Medidas de emergência e resposta governamental
Diante da gravidade da situação, os governos estaduais ativaram seus centros de operações de emergência para coordenar a resposta ao desastre. Abrigos temporários foram abertos para acolher pessoas em situação de vulnerabilidade e aqueles que perderam o aquecimento em suas residências devido aos cortes de energia. As autoridades emitiram restrições severas de viagem durante o pico da tempestade, medidas que foram cruciais para evitar um número maior de acidentes nas estradas.
Equipes de resgate atenderam a diversos chamados relacionados à exposição ao frio extremo e problemas de mobilidade.

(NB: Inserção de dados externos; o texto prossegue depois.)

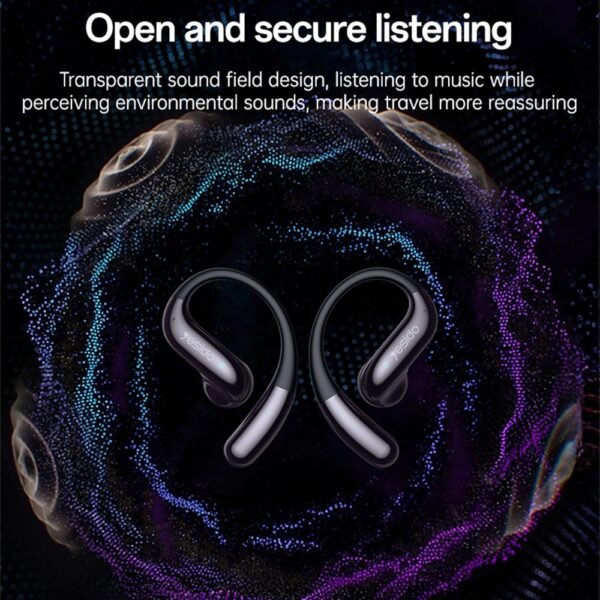 YESIDO YSP28 OWS Business Sports Bluetooth-Compatible Earphones Open Ear Design ENC Noise Cancellation Headset - Image 6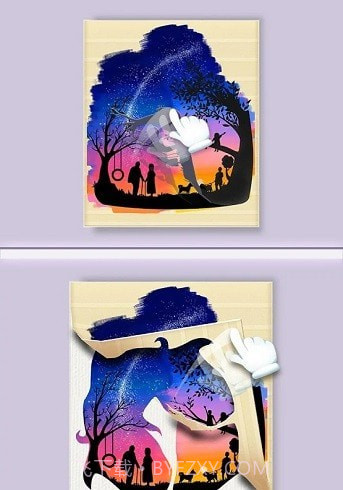 剪影艺术截图1 剪影艺术截图1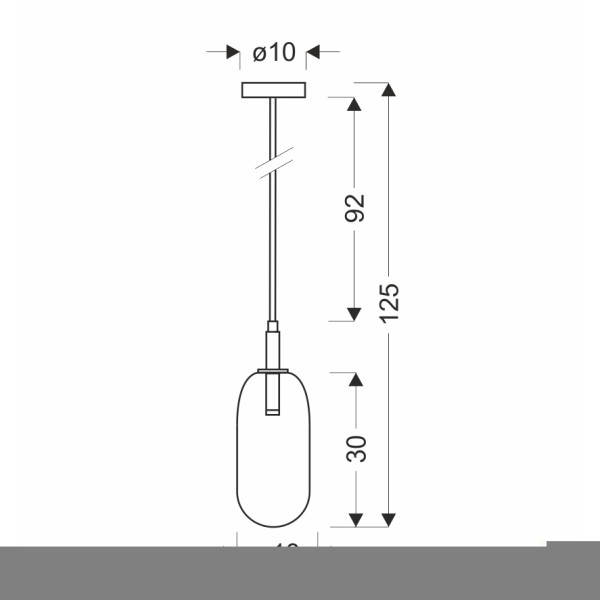 Люстра Candellux 50133214 Fiuggi – стильне освітлення для дому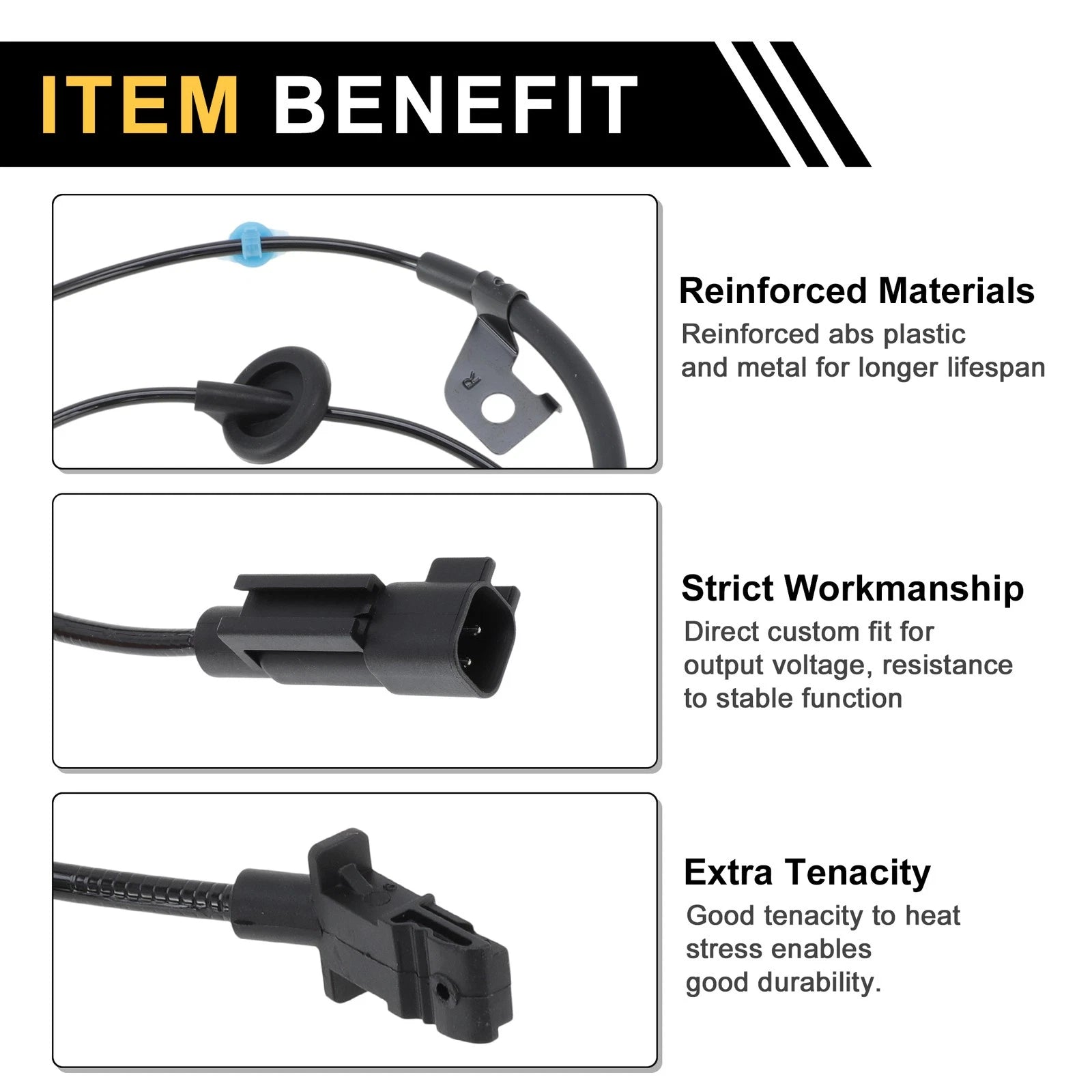 ABS Wheel Speed Sensor Replacement for Mitsubishi Outlander (2014–2021)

Além disso, houve registros de danos estruturais isolados, como o colapso de telhados em edifícios comerciais e residenciais que não suportaram a carga excessiva de neve. A remoção dos escombros e a avaliação da segurança das edificações tornaram-se prioridades para as equipes de defesa civil locais.
A recuperação nas grandes cidades está em andamento, mas avança em ritmos diferentes. Em Nova York, batalhões de limpeza urbana removeram toneladas de neve para liberar o tráfego nas artérias principais. Já em Providence, as autoridades descreveram a operação de limpeza como uma tarefa de grande escala que levará dias para ser concluída, focando inicialmente nos corredores essenciais para veículos de emergência e transporte de suprimentos.
Contexto histórico e monitoramento futuro
A nevasca de 2026 já é considerada um marco climatológico, superando em alguns locais os registros da lendária nevasca de 1978, que servia como referência histórica para a região de Rhode Island. Especialistas apontam que o inverno de 2025-2026 tem apresentado uma atividade acima da média no nordeste americano, com frequentes formações de ciclones na costa leste, o que exige um estado de alerta constante por parte das autoridades e da população.
O monitoramento meteorológico continua intenso, pois modelos indicam a possibilidade de novas precipitações. Sistemas menores já trouxeram entre 2 a 7 centímetros adicionais de neve para partes da região logo após a tempestade principal. A preocupação agora se volta para o risco de inundações futuras caso ocorra um derretimento rápido, ou o agravamento das condições estruturais se houver novos acúmulos significativos.
O Serviço Nacional de Meteorologia mantém avisos sobre a formação de “black ice” (gelo negro) nas estradas, um perigo invisível criado quando a neve derretida recongela durante a noite. As condições de dirigibilidade permanecem comprometidas em muitas áreas secundárias, onde as pilhas de neve reduzem a visibilidade e estreitam as faixas de rolamento, exigindo cautela extrema dos motoristas nos próximos dias.